Na essência, o verdadeiro objetivo da NASD era apenas aparentar estar do lado do cliente, embora, de fato, não estivesse. E nem se esforçavam muito para isso. O esforço era estritamente cosmético, suficiente para evitar que se levantasse a ira da Comissão de Valores Mobiliários, a quem eles tinham de responder.

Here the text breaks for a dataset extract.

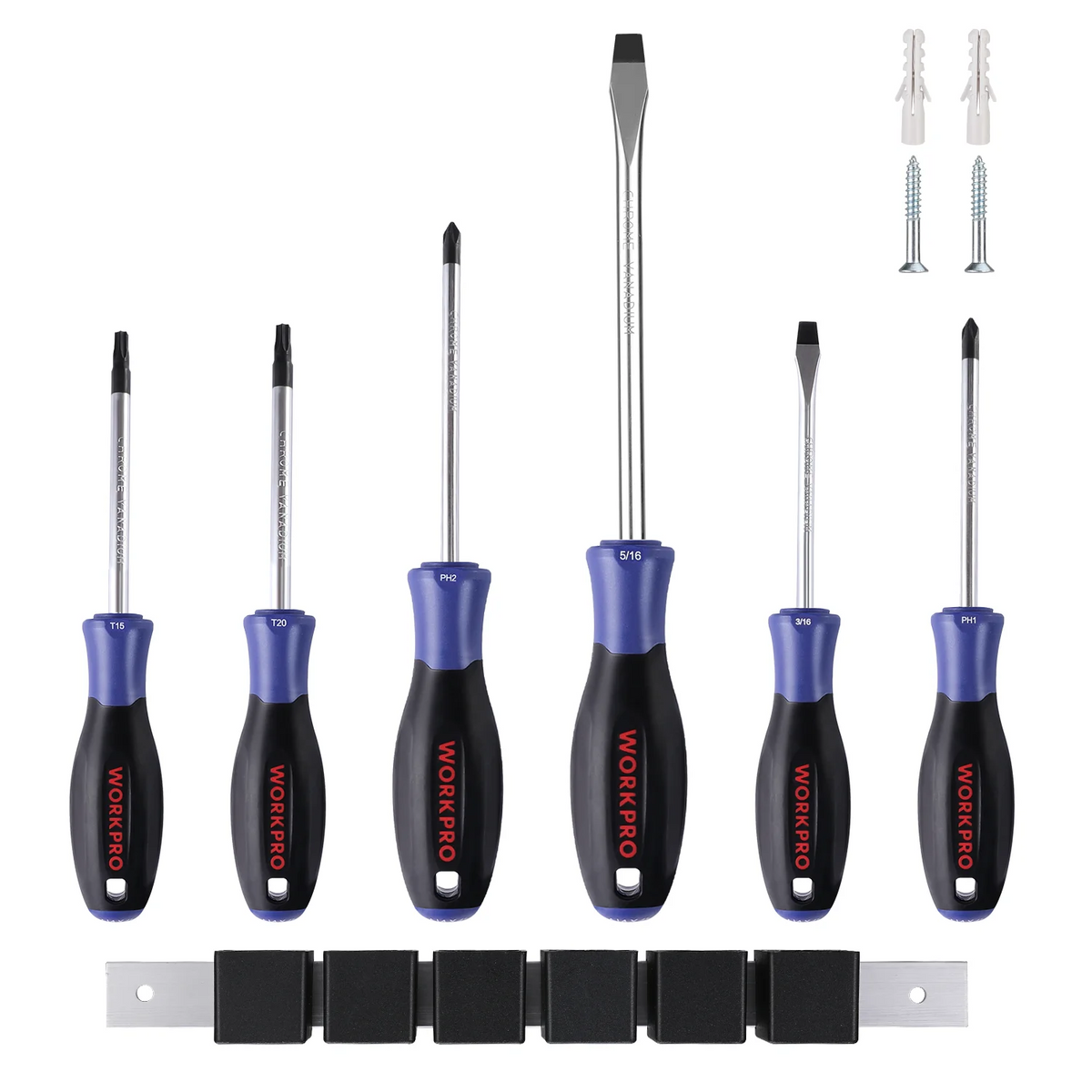 Six magnetic screwdrivers with blue/black handles mounted on an organizer rail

Assim, em vez de permitir que o jogo natural entre compradores e vendedores ditasse o valor com o qual uma ação deveria abrir, reservaram esse direito incrivelmente valioso para o principal financiador, que era eu, nesse caso em particular. Eu podia escolher o preço que julgasse apropriado, apesar de ser algo arbitrário e volúvel. Em consequência, decidi ser bem arbitrário e até mais volúvel, e abri as unidades a 5,50 dólares cada, o que me deu a oportunidade deliciosa de readquirir meu um milhão de unidades de laranjas de cara. E, apesar de não negar que meus laranjas teriam gostado de manter as unidades por um bom tempo mais, eles não tiveram escolha nesse caso. Afinal de contas, a recompra fora pré-acordada (acerto que as autoridades reguladoras não permitiriam) e eles tiveram um lucro de 1,50 dólares por unidade para não fazer nada e arriscar nada – tendo comprado e vendido as unidades sem nem pagar pelo negócio. E, se quisessem ser incluídos na negociação seguinte, era melhor que seguissem o protocolo previsto, que era calar a porra da boca e dizer “Obrigado, Jordan!”, mentindo até os dentes se fossem alguma vez interrogados por um regulador de mercado de capitais federal ou estadual a respeito de por que tinham vendido suas unidades por um preço tão baixo.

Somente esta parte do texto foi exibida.